[Source data]
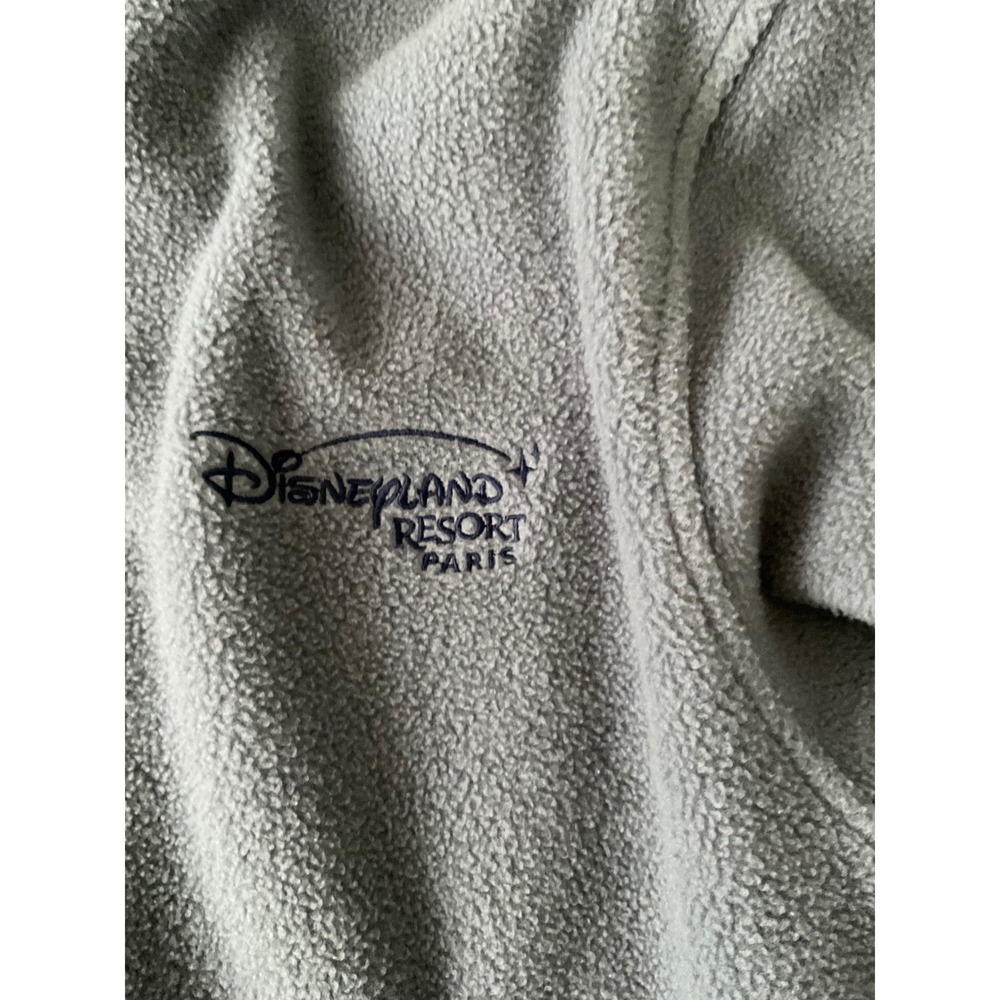 Disneyland Paris Fleece‎ Zip Up Hoodie Gray Mickey Mouse Castle Embroidered - Picture 2 of 4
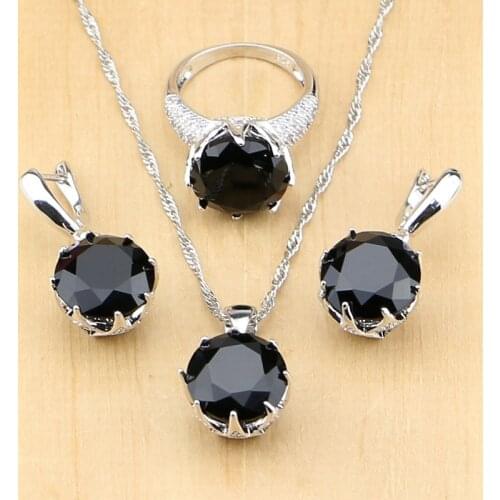 Silver 925 Jewelry Black Srones With White Beads Bridal Jewelry Sets For Women Wedding Earrings/Pendant/Necklace/Ring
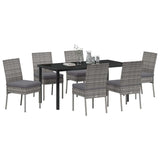 Garden Dining Set 7 pcs Grey Powder-Coated Steel 3379230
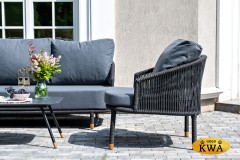 &quot;Лугано&quot; лаунж-зона 5-местная плетеная из роупа (веревки), каркас алюминиевый темно-серый, роуп темно-серый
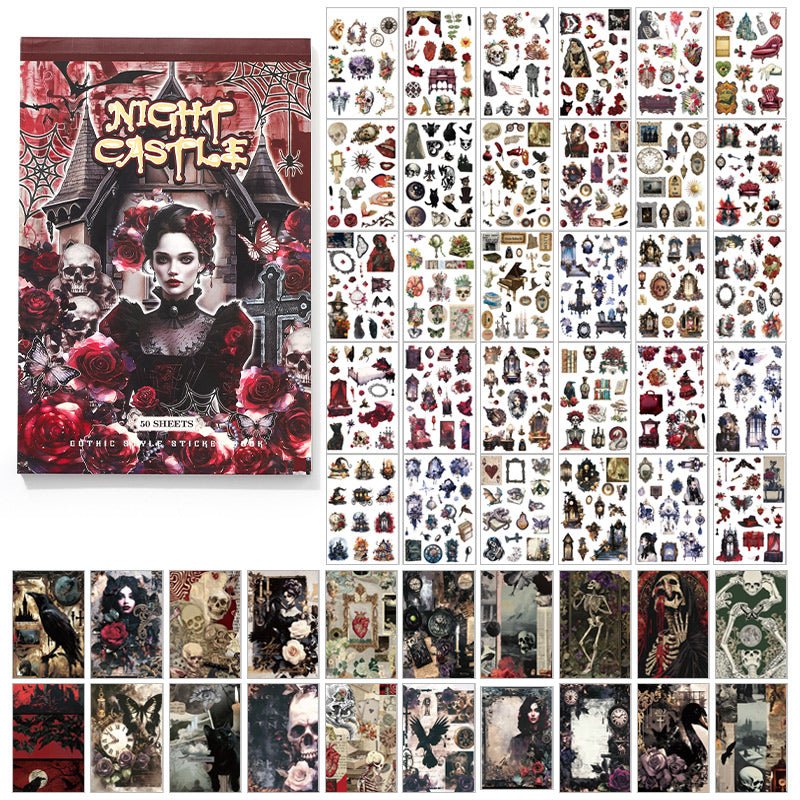 Gothic Night Castle ~ Washi Sticker and Journaling Paper Book ~ 50 Pages - The Kawaii Nest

- _HOW TO COMPLETE THIS TASK_
Restate the data above verbatim, skipping every image.

- _THE COMPLETED TASK_
 Disneyland Paris Fleece‎ Zip Up Hoodie Gray Mickey Mouse Castle Embroidered - Picture 2 of 4
 Silver 925 Jewelry Black Srones With White Beads Bridal Jewelry Sets For Women Wedding Earrings/Pendant/Necklace/Ring
 Garden Dining Set 7 pcs Grey Powder-Coated Steel 3379230
 &quot;Лугано&quot; лаунж-зона 5-местная плетеная из роупа (веревки), каркас алюминиевый темно-серый, роуп темно-серый
 Gothic Night Castle ~ Washi Sticker and Journaling Paper Book ~ 50 Pages - The Kawaii Nest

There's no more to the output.